La scoperta che consentì di sprigionare in modo controllato l’energia dell`atomo, e condusse alla fabbricazione della prima bomba nucleare, fu annunciata nel 1939 da Otto Hahn, un chimico tedesco, e dall’austriaca Lise Meitner.
Lavorando insieme a Berlino, Hahn e Meitner avevano studiato le reazioni dell’uranio, sottoposto in un acceleratore di particelle al bombardamento di quelle particelle atomiche chiamate neutroni. Tentativi precedenti erano stati compiuti dal fisico italiano Enrico Fermi, però con risultati incerti. Hahn capi che il nucleo dell’atomo dell’uranio – il piú pesante che esista in natura – si scinde in due.
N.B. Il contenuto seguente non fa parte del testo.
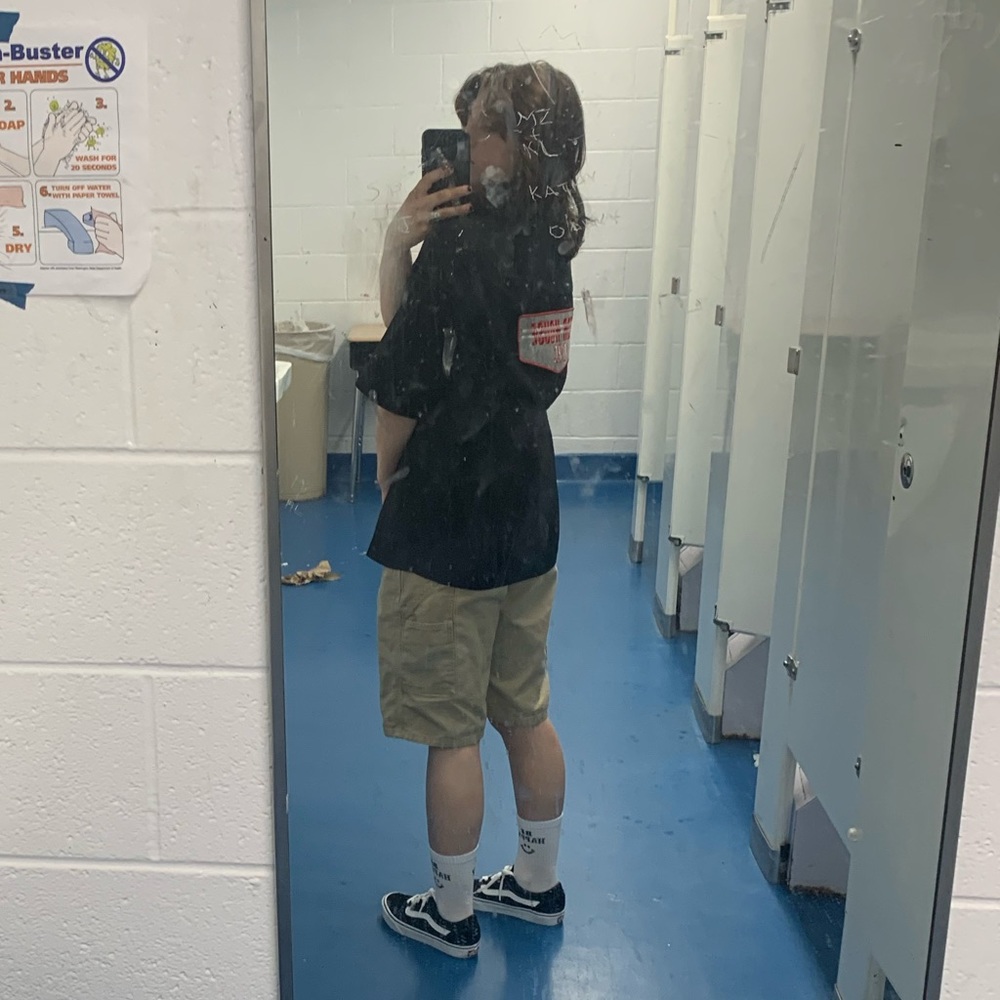 Meet your Posher, Dakota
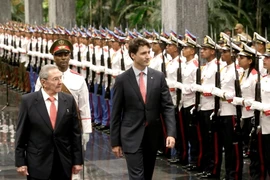 Chủ tịch Cuba Raul Castro (trái) và Thủ tướng Canada Justin Trudeau (phải) duyệt đội danh dự tại lễ đón ở La Habana ngày 15/11. (Nguồn: AP/TTXVN)
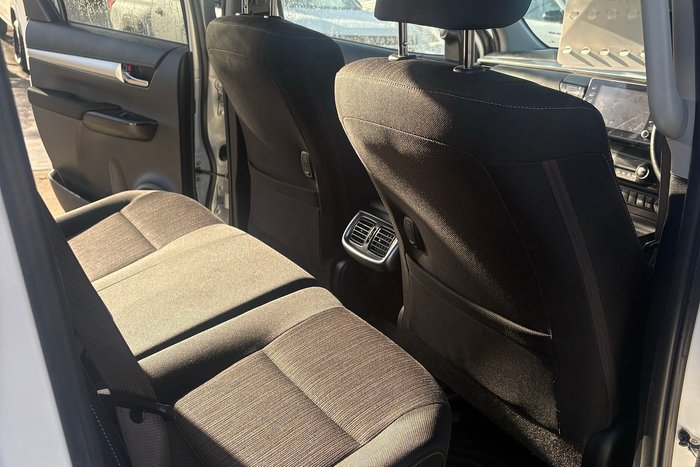 2021 Toyota Hilux SR5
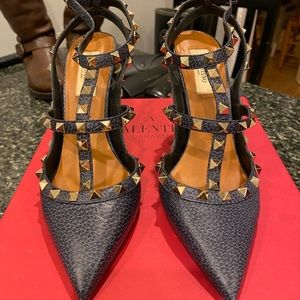 Valentino’s  Leather Slingback Pumps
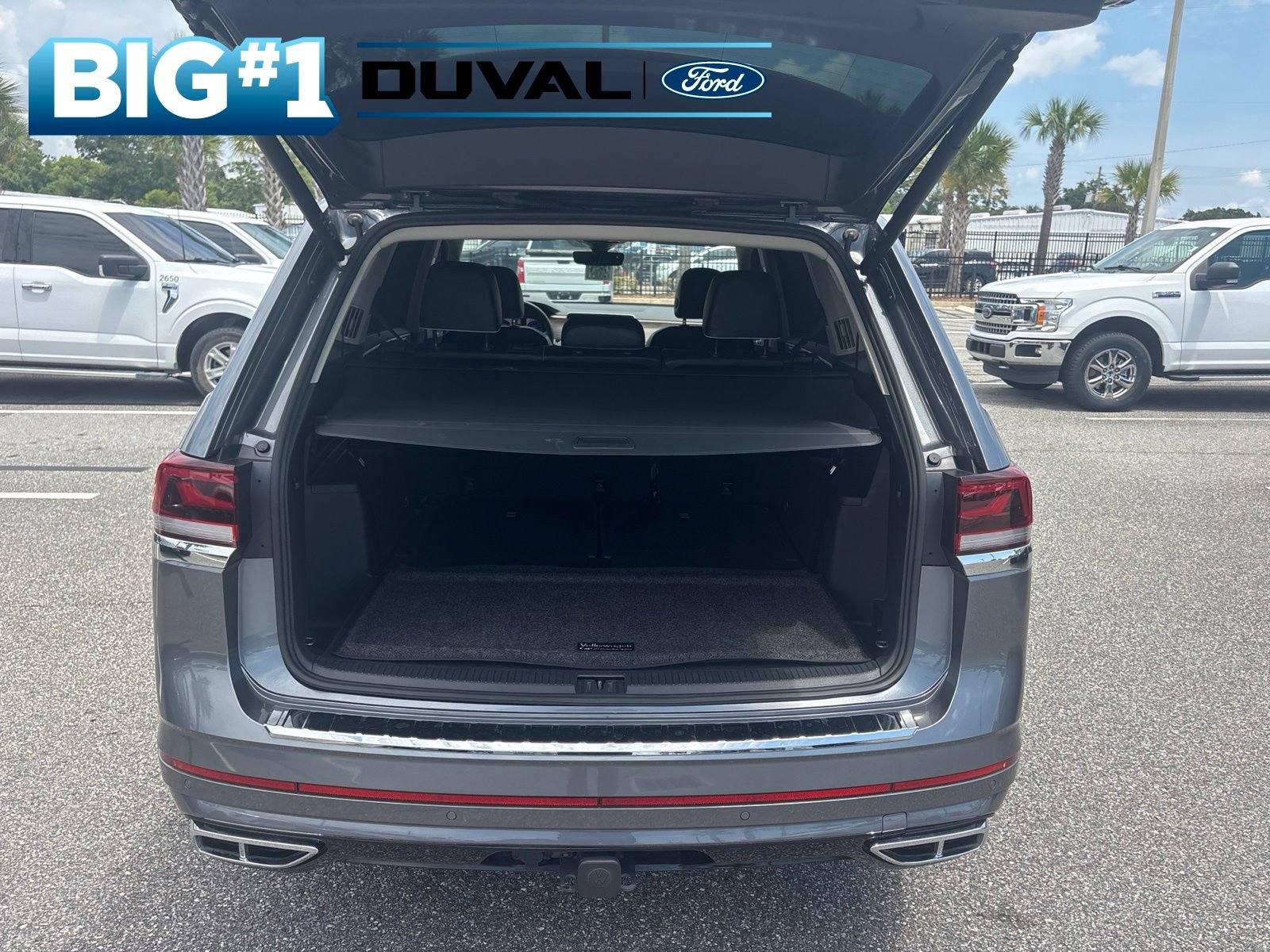 Used 2024 Volkswagen Atlas SEL Premium R-Line AWD/4WD image 7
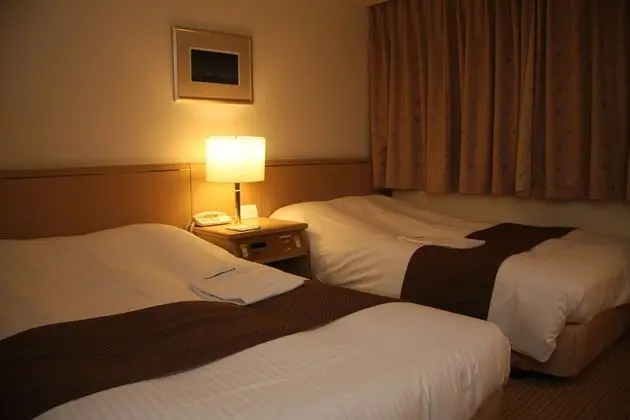 İki Ayrı Yataklı Oda, Sigara İçilebilir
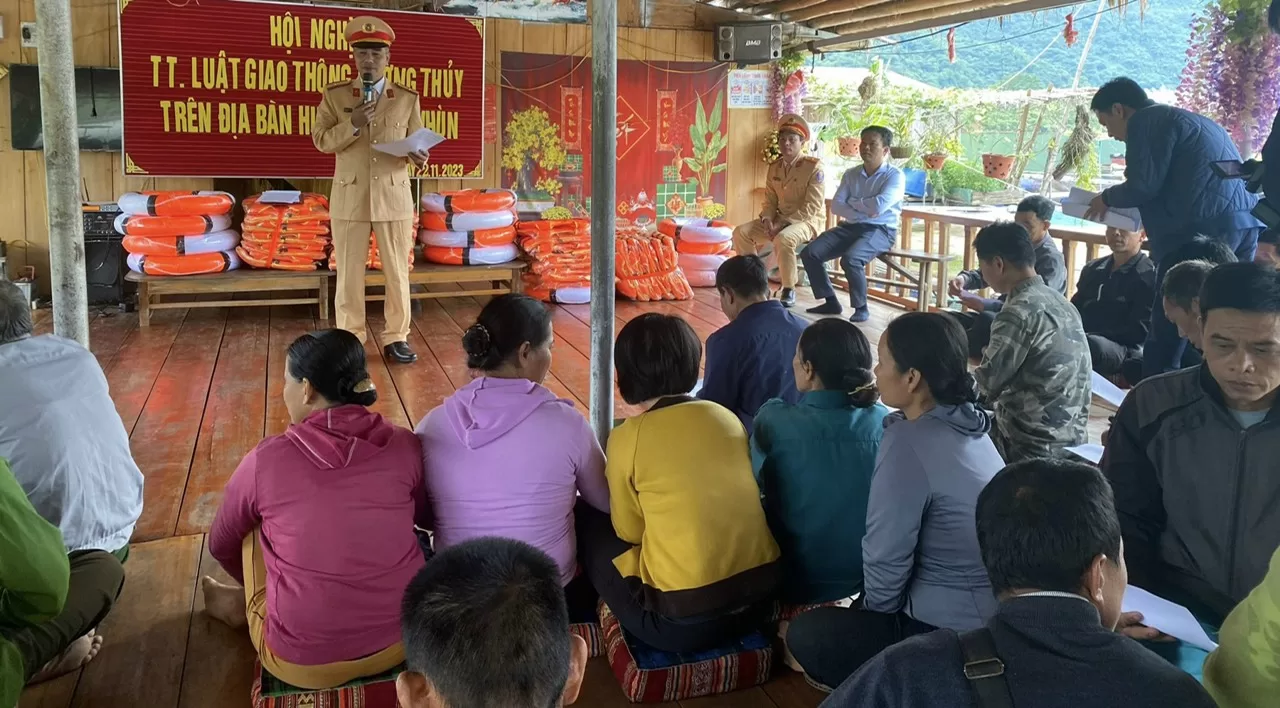 Lực lượng cảnh sát giao thông Công an tỉnh tuyên truyền Luật giao thông đường thủy nội địa tại bản Mường Mô, xã Mường Mô huyện Nậm Nhùn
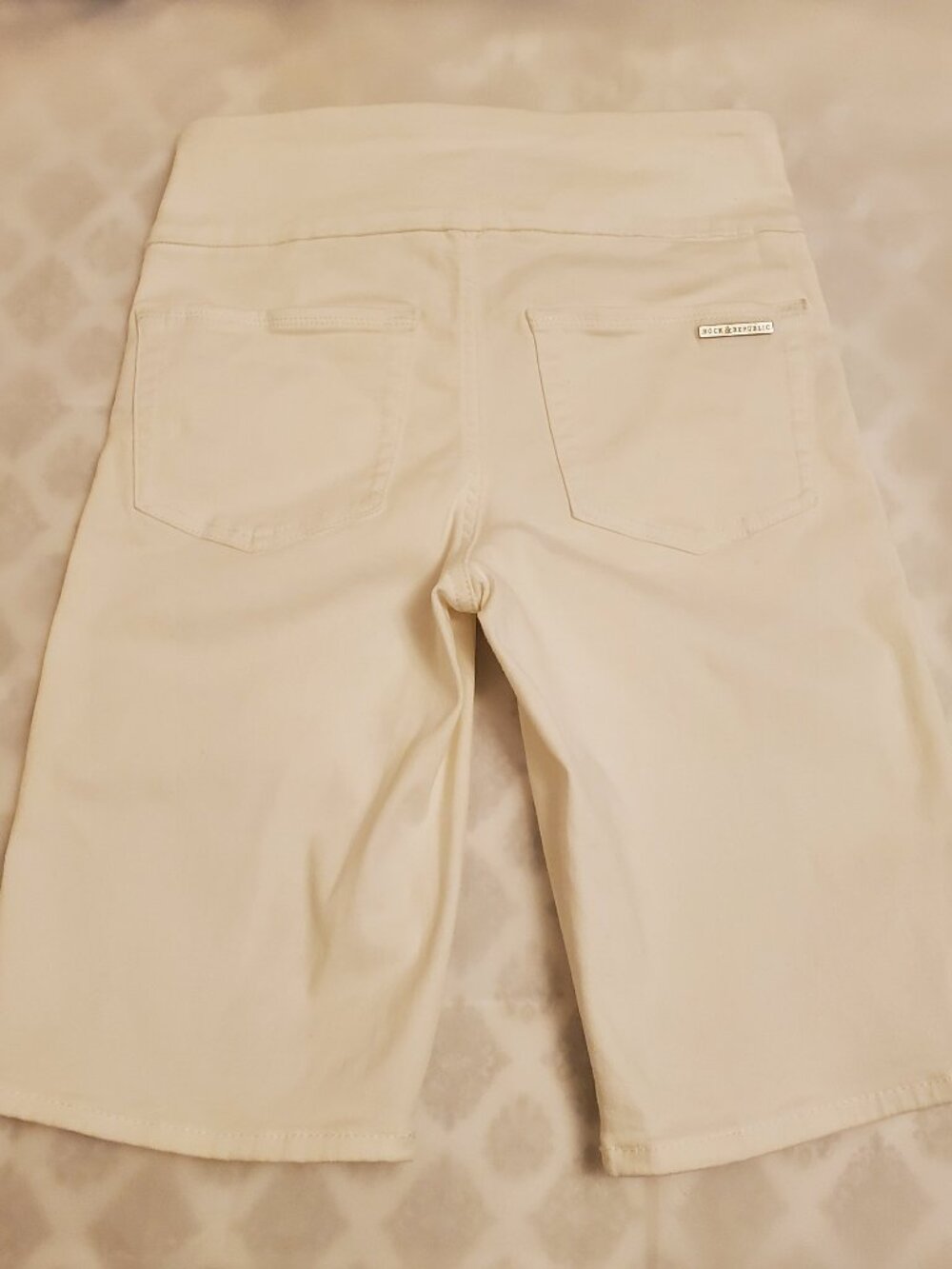 Rock & Republic Fever Mid-Rise Bermuda Pull-On White Denim Jean Shorts - 2M - Picture 5 of 16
Meitner, che aveva abbandonato la Germania per sfuggire alle persecuzioni naziste, pubblicò i risultati dell’esperimento nella rivista scientifica inglese Nature.
Due fatti rendevano la fissione, cioè la scissione dell’atomo, di straordinaria importanza. Il primo, scoperto nel 1939 da Irene Curie e da Frédéric Joliot, a Parigi, è che questa reazione nucleare si autosostenta: quando un nucleo di uranio si scinde, produce vari neutroni, i quali possono a loro volta provocare la scissione di altri nuclei, che a loro volta liberano altri neutroni, e così via. Potendo disporre di sufficienti quantità di uranio, si può ottenere una reazione a catena sempre piú ampia.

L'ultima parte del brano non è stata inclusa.